È importante sottolineare anche come gli amici immaginari possono aiutare i bambini ad affrontare le paure, esplorare le proprie idee o a maturare un senso di competenza prendendosi cura di loro.

Fonte: http://www.marthatylerart.com/

Fonte: http://www.marthatylerart.com/

 

Studi condotti su questo argomento, nel tempo, hanno evidenziato molti altri aspetti positivi.

Si è visto che i bambini con i compagni immaginari (sia amici invisibili o oggetti personificati) tendono ad essere meno timidi, molto più espansivi con i coetanei, e riescono meglio ad assumere il punto di vista dell’altro. È stata anche evidenziata la loro capacità di produrre resoconti narrativi più ricchi rispetto ai loro coetanei senza amici immaginari, sia quando si trattava di raccontare una storia che un evento passato sperimentato personalmente, nonostante tra i due gruppi di bambini non ci fossero differenze per le loro abilità linguistiche.

Le ricerche suggeriscono anche che questi compagni immaginari non vengono inventati per compensare le difficoltà nell’instaurare amicizie reali, e che i bambini sembrano interagire con gli amici immaginari in modo simile alle loro interazioni con persone reali.

Le interazioni con gli amici immaginari facilitano anche lo sviluppo del linguaggio privato nei bambini ovvero quando il bambino parla a se stesso e così mette alla prova sia la sua capacità di processare le informazioni, sia le proprie competenze comunicative, e si chiarisce le idee sulle azioni che sta compiendo.

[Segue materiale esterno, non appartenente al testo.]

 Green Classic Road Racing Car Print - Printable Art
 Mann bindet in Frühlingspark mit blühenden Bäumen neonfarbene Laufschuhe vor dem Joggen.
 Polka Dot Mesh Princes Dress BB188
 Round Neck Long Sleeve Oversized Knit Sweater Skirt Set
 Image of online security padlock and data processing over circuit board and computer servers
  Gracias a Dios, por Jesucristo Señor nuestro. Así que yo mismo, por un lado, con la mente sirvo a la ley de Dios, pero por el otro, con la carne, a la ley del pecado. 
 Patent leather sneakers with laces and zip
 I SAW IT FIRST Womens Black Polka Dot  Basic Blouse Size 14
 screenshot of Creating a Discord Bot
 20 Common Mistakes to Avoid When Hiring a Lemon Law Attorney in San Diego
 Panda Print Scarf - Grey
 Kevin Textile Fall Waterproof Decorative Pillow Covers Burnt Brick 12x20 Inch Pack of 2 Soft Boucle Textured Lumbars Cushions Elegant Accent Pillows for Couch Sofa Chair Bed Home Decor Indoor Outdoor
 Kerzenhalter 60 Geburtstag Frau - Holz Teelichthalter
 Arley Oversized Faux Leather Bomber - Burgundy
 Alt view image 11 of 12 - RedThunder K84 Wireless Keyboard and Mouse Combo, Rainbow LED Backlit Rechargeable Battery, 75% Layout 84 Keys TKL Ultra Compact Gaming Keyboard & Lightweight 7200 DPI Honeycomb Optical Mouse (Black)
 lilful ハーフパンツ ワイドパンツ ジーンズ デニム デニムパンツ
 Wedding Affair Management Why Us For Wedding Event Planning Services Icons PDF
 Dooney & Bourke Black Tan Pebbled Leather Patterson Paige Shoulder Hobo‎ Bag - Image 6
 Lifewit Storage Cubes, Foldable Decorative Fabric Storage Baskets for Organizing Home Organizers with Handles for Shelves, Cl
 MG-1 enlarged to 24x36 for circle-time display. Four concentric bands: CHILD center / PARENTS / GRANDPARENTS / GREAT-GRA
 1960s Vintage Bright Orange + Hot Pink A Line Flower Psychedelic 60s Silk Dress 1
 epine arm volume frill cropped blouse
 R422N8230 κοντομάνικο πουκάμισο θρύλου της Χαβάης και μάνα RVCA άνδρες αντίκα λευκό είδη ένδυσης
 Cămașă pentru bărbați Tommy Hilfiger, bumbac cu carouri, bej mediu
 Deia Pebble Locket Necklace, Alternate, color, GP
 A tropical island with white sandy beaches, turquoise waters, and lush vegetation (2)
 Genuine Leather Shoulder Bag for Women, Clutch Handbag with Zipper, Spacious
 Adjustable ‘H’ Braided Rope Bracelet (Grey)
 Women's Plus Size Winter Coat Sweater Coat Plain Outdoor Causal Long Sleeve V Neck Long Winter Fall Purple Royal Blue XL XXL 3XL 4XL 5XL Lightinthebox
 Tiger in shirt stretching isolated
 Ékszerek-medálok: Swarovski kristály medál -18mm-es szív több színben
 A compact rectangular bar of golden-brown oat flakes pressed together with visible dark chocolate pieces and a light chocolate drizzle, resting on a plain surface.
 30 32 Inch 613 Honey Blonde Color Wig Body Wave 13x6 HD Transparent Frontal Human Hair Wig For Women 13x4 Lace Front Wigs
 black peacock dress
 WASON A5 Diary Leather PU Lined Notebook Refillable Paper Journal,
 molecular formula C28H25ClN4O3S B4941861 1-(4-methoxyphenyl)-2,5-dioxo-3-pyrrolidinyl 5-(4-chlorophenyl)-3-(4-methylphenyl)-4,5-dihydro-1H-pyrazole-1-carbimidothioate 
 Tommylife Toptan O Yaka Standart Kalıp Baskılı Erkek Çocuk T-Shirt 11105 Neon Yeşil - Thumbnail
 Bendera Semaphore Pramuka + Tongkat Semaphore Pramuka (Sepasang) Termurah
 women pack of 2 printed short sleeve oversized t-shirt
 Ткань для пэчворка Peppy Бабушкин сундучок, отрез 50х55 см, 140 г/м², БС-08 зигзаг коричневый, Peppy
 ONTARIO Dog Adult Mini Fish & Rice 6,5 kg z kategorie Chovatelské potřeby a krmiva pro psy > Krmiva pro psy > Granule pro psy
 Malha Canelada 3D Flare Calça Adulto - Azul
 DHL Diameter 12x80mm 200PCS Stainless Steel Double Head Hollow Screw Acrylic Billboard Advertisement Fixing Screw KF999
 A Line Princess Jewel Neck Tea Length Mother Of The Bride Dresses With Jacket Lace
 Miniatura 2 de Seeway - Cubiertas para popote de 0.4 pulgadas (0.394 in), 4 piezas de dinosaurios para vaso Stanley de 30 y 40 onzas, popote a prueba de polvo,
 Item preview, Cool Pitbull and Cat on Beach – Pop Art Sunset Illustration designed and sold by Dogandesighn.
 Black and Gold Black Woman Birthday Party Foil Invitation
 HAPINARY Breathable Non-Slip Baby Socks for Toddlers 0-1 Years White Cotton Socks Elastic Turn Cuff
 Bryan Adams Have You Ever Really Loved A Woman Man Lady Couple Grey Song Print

Pertanto le interazioni con un compagno immaginario creano maggiori opportunità per sviluppare questo tipo di linguaggio, che verrà gradualmente interiorizzato durante la prima infanzia e trasformato in linguaggio interno o pensiero verbalizzato durante lo sviluppo. Infatti man mano che crescono, il loro discorso privato diventa sempre più difficile da capire perché è sia meno esplicito (sussurrano e borbottano) che più abbreviato (parole occasionali, piuttosto che frasi complete). Inoltre ciò comporta anche una migliore capacità di ricordare e successivamente esprimere episodi autobiografici.

 

In conclusione, la presenza dell’amico immaginario non è da considerare sintomo di un disagio del bambino ma va interpretato come una fase normale della sua crescita, un’esperienza vantaggiosa per il suo sviluppo cognitivo, e in quanto tale va rispettato senza ridicolizzarlo o cercare di invadere il suo spazio, ma accettando serenamente la situazione che potrà essere vissuta anche come un modo di conoscere meglio il proprio figlio.

 

Dott. Fabio Rossi, psicologo in formazione

 

Rif. Bibliografici:

  • Prevalence of imaginary companions in a normal child population. Pearson D. et al., Child Care Health Dev. 2001 Jan.
  • Individual differences in children’s private speech: The role of imaginary companions. Paige E. Davis et al., J Exp Child Psychol. 2013 Nov.
  • Children with Imaginary Companions Focus on Mental Characteristics When Describing Their Real-Life Friends. Paige E. Davis et al., Infant Child Dev. 2014 Nov.